Netice : Ben, ne dînî hissiyatı tahrik ve ne de milletin ve devletin emniyetini ihlal edecek bir harekette bulunmadığım gibi, kimseyi de teşvik etmedim. Ve kimse de beni teşvik etmedi. Tarikat ve cem'iyyet yoktur. Bu hususun beyne'l-milel tanınmış ve ayrı ayrı meziyet ve kıymetleri hâiz olan... milletin ve maarifin iftihar ettiği güzîde şahıslardan müteşekkil bir âlî hey'etin verdiği ilmî raporda, Risale-i Nur'un ilmî ve vâkıfâne ve faideli eserlerini tasdik ettiğimden... iddia makamı, hükûmeti ve adliyeyi meşgul eden, Risale-i Nur'un millete ve hükûmete zararı olmayıp, bilakis faideli olduğunu tebarüz ve kaza-yı tefsirlerle izah ile beraetimizi taleb etmesini ümid ederken, maalesef hiç nazara almayarak mevkufiyetimizin devamına sebeb olan mahallî, nâkıs, gayr-i ilmî ehl-i vukuf raporlarına istinaden verdiği ilk iddiânâmenin aynını, son iddiânâmesinde de ısrar ve tatbikle suç isnad etmesiyle inkisar-ı hayale uğradım.

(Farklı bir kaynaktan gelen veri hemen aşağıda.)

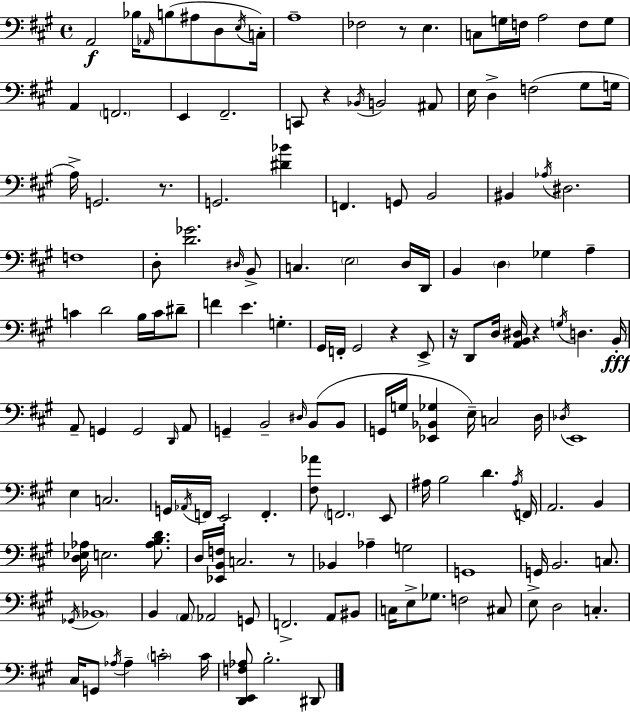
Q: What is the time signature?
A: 4/4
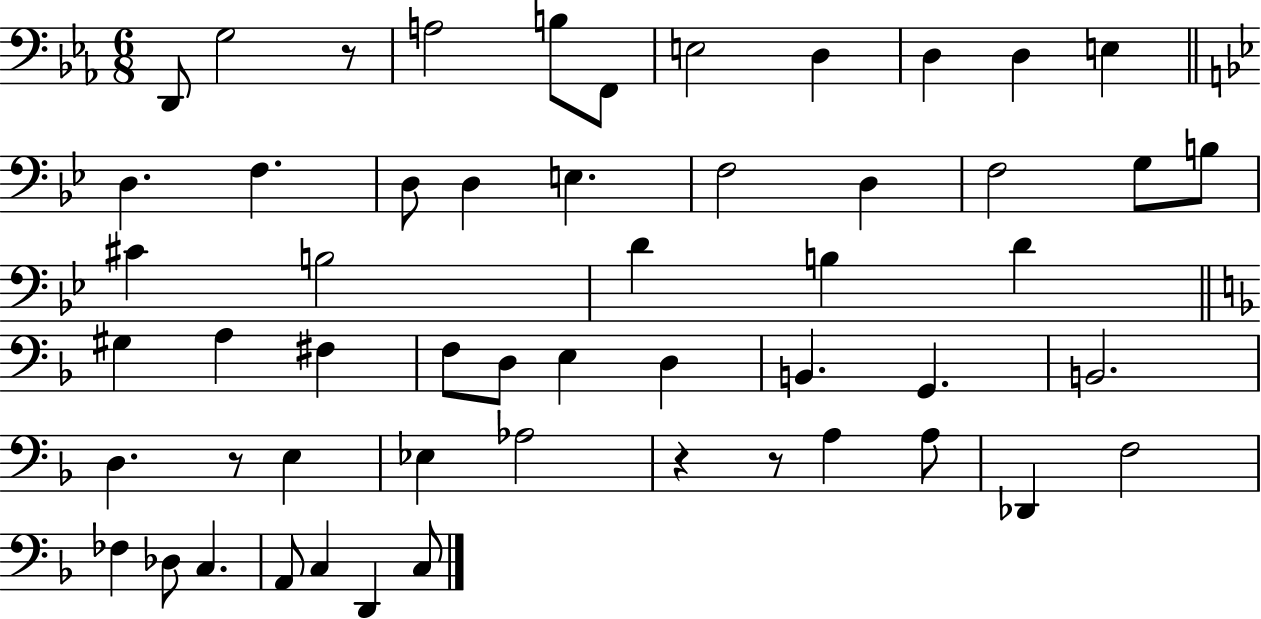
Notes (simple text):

D2/e G3/h R/e A3/h B3/e F2/e E3/h D3/q D3/q D3/q E3/q D3/q. F3/q. D3/e D3/q E3/q. F3/h D3/q F3/h G3/e B3/e C#4/q B3/h D4/q B3/q D4/q G#3/q A3/q F#3/q F3/e D3/e E3/q D3/q B2/q. G2/q. B2/h. D3/q. R/e E3/q Eb3/q Ab3/h R/q R/e A3/q A3/e Db2/q F3/h FES3/q Db3/e C3/q. A2/e C3/q D2/q C3/e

Nefsini ıslaha ve beşeriyete faideli olmağa çalışan, necib milletimizin temiz nasiyeli bir genci olduğumu izah ve isbat ettim. Mütehassıs ve selahiyetli ilim hey'etinin sarih kanaatı neticesinde elde edilen gayr-ı kabil redd-i delâil, nakıs raporları hükümsüz bırakmakta ve iddia makamının ileri sürdüğü indî ve hayalî tezi cerh ve nakz etmiştir. Bütün isnadları red ediyorum. Hususiyeti olan ilmî tefsir ve kanaatleri hâvi raporun kabul-u tatbikini hürmetle taleb ve hürriyet-i şahsiyemin ve me'muriyet hukukumun ve müsadere edilen hususi kitab ve mektub ve not defterimin iadesiyle beraber beraetimi âlî mahkemedeki adâletin tecellisinden beklerim.